Now in its third month, the ongoing antitrust trial between the U.S. Department of Justice (DOJ) and Google isn’t just a court battle—it’s an ideological war. It pits the American standard of “consumer welfare” against an outdated, European-style “harm to competition” model focused on propping up competitors who have a financial stake in taking down their rivals. If the latter ideology wins, the real losers will be the American people, who will be forced against their own preferences to navigate inferior products like Microsoft’s Bing.
Let’s cut to the chase: this lawsuit is not about protecting consumers; it’s about the government wanting the power to pick winners and losers in the market. Guess who wants to be the government’s chosen winner? Microsoft.
Despite being the second largest corporation in the world and nearly twice the size of Google, Microsoft has tried for years to make Bing the preferred search engine among consumers. However, it has continuously failed to surpass Google’s superior product. That’s not because Google has some alleged “magical” influence over the market; it’s due largely to Microsoft making bad business decisions, like shutting down its investment in mobile and even considering selling off Bing just a couple of years ago to Apple.
Rather than trying harder and innovating more to win in the marketplace or the court of public opinion, Microsoft is trying to use the government to make up for its own mistakes by putting down superior products in court. And that’s dangerous.
President Joe Biden’s antitrust enforcers are attempting to abandon the consumer welfare standard, which has been the cornerstone of American antitrust law, because it limits them to focusing on the facts of the market rather than their personal beliefs and opinions.
The consumer welfare standard is simple but powerful: Does a business practice demonstrably harm consumers? If it does, action is warranted. If not, then no matter how much a competitor like Microsoft complains, there’s not a case. It’s an objective, fact-based evaluation that prevents the government from becoming a market puppeteer—a role which regulators are not equipped to play.
By contrast, the harm to competition model is a slippery slope to crony capitalism. Legally implementing this approach could allow companies to lobby their way to the top and use the power of the government to take down rivals. Microsoft, a company that ironically found itself in the antitrust hot seat in 1998 over Internet Explorer, seems all too happy to push the U.S. toward this subjective, European-style model. Why? They can’t make a better product, so they’d rather see Google and other potential competitors kneecapped by regulation.

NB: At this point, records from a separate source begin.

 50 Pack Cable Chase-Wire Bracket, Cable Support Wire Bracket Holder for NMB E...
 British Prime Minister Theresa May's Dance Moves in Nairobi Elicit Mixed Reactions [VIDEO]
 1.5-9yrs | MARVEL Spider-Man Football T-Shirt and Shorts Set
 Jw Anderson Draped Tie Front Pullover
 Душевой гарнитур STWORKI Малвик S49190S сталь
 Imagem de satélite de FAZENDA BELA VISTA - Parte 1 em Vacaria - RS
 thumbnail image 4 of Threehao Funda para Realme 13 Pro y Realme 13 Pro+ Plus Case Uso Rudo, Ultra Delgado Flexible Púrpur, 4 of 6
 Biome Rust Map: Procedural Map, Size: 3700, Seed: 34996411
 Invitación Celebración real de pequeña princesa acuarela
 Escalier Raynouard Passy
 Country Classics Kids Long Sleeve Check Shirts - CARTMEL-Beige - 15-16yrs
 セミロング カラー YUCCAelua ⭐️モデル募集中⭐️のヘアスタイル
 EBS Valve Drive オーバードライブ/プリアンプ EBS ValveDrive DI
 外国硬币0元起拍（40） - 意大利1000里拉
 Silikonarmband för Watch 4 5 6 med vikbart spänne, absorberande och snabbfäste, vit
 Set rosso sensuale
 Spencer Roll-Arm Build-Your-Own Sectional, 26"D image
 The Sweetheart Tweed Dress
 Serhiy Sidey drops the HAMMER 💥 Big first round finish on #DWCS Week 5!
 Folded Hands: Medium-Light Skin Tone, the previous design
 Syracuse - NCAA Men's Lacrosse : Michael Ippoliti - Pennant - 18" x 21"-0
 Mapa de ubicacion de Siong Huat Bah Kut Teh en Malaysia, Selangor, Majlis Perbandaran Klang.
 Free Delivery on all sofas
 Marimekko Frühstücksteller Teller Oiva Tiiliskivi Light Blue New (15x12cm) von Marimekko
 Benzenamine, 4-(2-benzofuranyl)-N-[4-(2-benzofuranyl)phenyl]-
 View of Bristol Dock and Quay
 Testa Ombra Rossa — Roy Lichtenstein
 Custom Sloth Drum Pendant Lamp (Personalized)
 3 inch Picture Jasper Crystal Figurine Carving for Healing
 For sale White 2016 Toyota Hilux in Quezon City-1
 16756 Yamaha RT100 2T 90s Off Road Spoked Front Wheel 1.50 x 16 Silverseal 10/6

Here’s the punchline: We, American consumers, are the ones who will suffer. This lawsuit against Google, if successful, won’t give us better options; it will force inferior ones upon us. Imagine being stuck with Bing’s search results when you’re used to Google’s efficiency and accuracy. This case risks turning the digital marketplace into a Soviet-style bazaar where you get what you’re given, not what you choose.
The lawsuit could also set a dangerous precedent that shifts the focus of antitrust law from consumer welfare to corporate interests. If the U.S. abandons the consumer welfare standard, we’re not just changing legal jargon; we’re taking away consumers’ market influence and power in favor of cronyism—changing the very ethos of American capitalism.
It’s time to stand up for what works. The consumer welfare standard has guided U.S. antitrust law for a good reason—it puts our choices first. Let’s not let special interests rewrite antitrust laws so that they win and consumers lose.